This is why God sent His own son, born of a woman, in the likeness of sinful flesh to do something about sin, Romans 8:3; Galatians 4:4.  There is no Biblical basis for the idea that Mary herself was sinless or had been conceived without sin; she herself admits her need of a Savior, Luke 1:47.  Why would she “rejoice in God my Savior” if she were without sin herself?  She wouldn’t need a Savior.

It was necessary to Jesus be born of a human mother in order to be fully human, but without a human father in order to be completely sinless.  It was also necessary that His conception be of the Holy Spirit, Matthew 1:20; Luke 1:35, in order that He be fully God.

But not only is Jesus “alive”; He is alive forevermore, v. 18.  Paul put it like this, Christ, having been raised from the dead, dies no more.  Death no longer has dominion over Him, Romans 6:9.

On the contrary, Jesus says that He has dominion over death:  I have the keys of Hades and Death,” Revelation 1:18, emphasis added.

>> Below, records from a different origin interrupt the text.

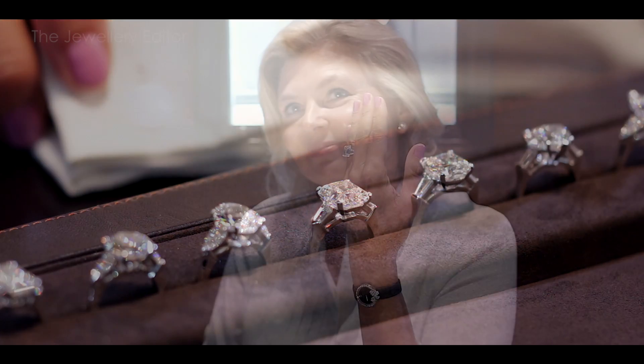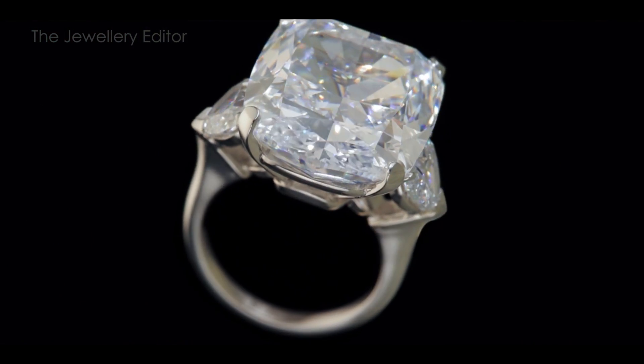I really do suggest that you come to Graff, because here you will see the most amazing range of sizes and cuts of diamonds, all of them top quality, knowing that they've been cut by the best in the business.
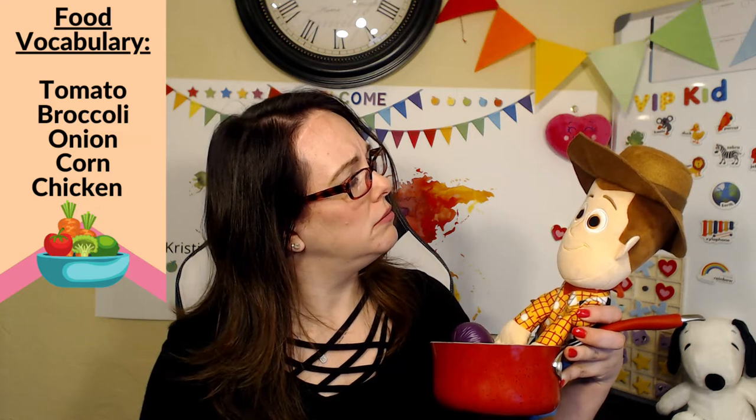And we need some meat in this pot. So what kind of meat do you want, Woody? I want chicken. Okay, let's get some chicken and put it in the pot. You're communicating and creating a dialogue while teaching vocabulary — the naming of objects.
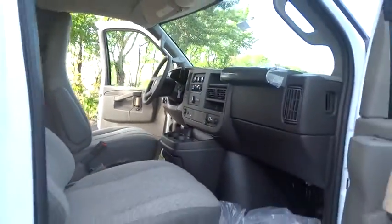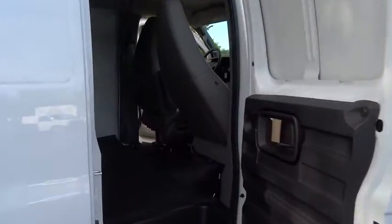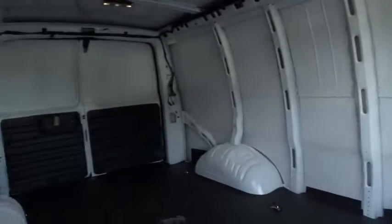Anti-lock braking system, traction control, stability control, power steering, four-wheel disc brakes, AM-FM stereo radio, power door locks, bucket seat.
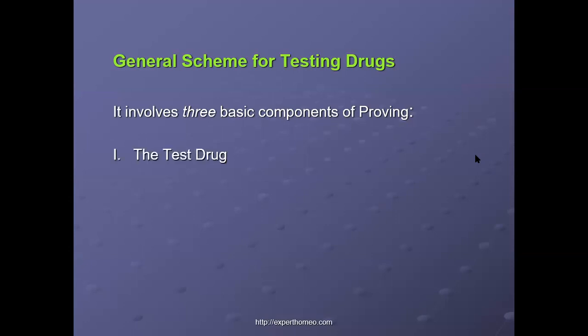The general scheme of testing a drug involves three basic components of drug proving: the drug, the proving team, and the procedure.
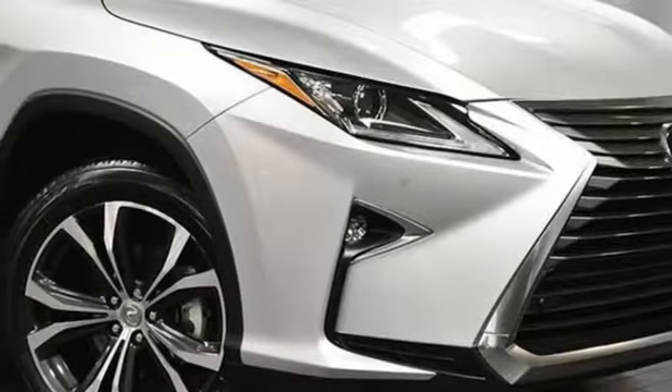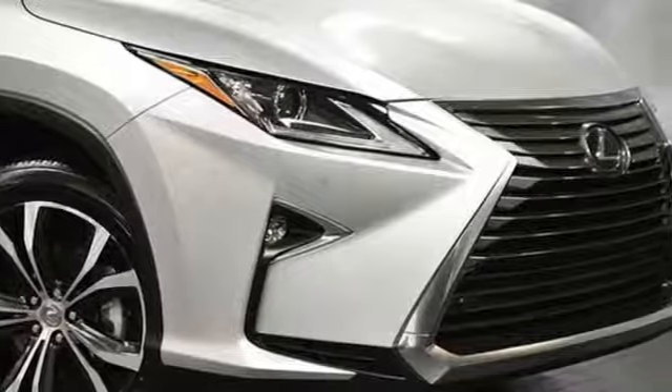Live a lifestyle that leaves a lasting impression in this Lexus. Take it for a test drive today.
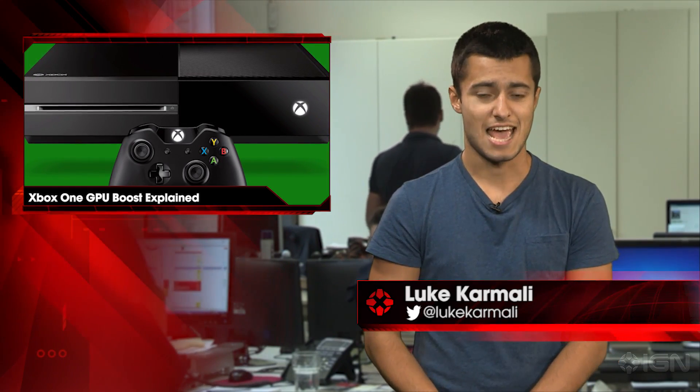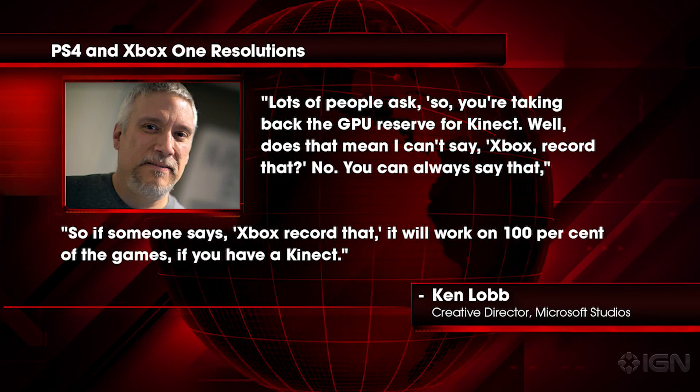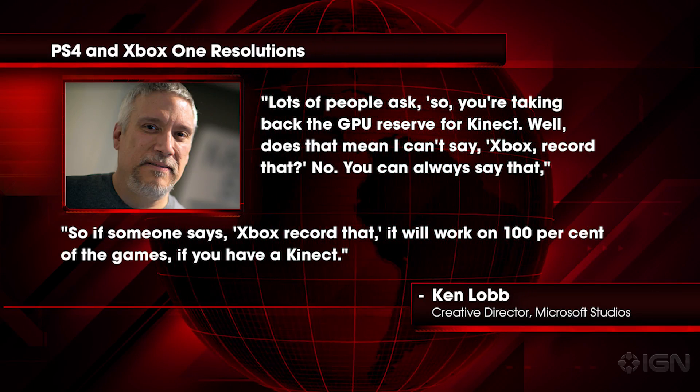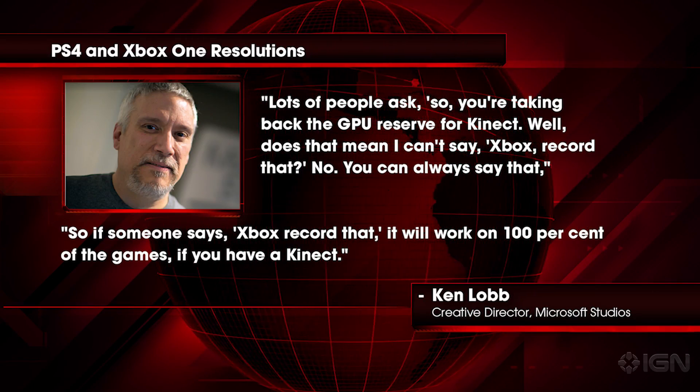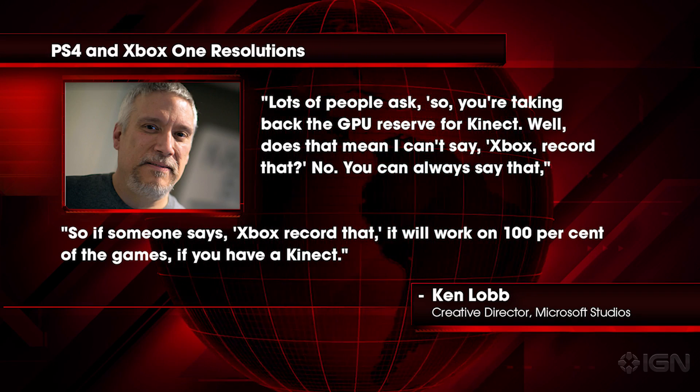Microsoft Studios' Ken Lobb has told Eurogamer what this means in practice and reassured current Kinect owners that voice control and game capture will still be perfectly viable despite the changes. Lots of people ask: you're taking back the GPU reserve for Kinect — does that mean I can't say 'Xbox record that'? No, you can always say that, Lobb explained. If someone says 'Xbox record that,' it will work on 100% of the games if you have a Kinect.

I think it can be said that we live in “perilous times.”  I don’t know what’s going to happen in and to this country.  I’m afraid the country of my youth is irretrievably gone.  Regardless of who wins in November, January will usher in new and uncharted territory.

It doesn’t really matter.

Democrats and Republicans don’t hold the keys to the future, to death.  My Lord holds them.  Only when He returns to this earth will things be straightened out.

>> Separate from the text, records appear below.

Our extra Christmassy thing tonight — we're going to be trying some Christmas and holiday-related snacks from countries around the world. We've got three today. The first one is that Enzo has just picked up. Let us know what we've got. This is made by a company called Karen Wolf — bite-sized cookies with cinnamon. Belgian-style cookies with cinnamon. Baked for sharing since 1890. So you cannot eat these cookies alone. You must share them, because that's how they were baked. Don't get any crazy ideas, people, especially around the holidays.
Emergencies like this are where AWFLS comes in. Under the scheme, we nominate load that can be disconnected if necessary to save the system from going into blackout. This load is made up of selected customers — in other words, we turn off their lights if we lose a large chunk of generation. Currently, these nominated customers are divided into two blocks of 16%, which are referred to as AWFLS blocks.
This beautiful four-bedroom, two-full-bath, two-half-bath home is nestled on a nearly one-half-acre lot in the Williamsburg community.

Even so, come, Lord Jesus.


Revelation 1:12-17a, “One Like the Son of Man”

Then I turned to see the voice that spoke with me.  And having turned I saw seven golden lampstands, and in the midst of the seven lampstands One like the Son of Man, clothed with a garment down to the feet and girded about the chest with a golden band.  His head and hair were white like wool, as white as snow, and His eyes like a flame of fire; His feet were like fine brass, as if refined in a furnace, and His voice as the sound of many waters;  He had in His right hand seven stars, out of His mouth went a sharp two-edged sword, and His countenance was like the sun shining in its strength.  And when I saw Him, I fell at His feet as dead.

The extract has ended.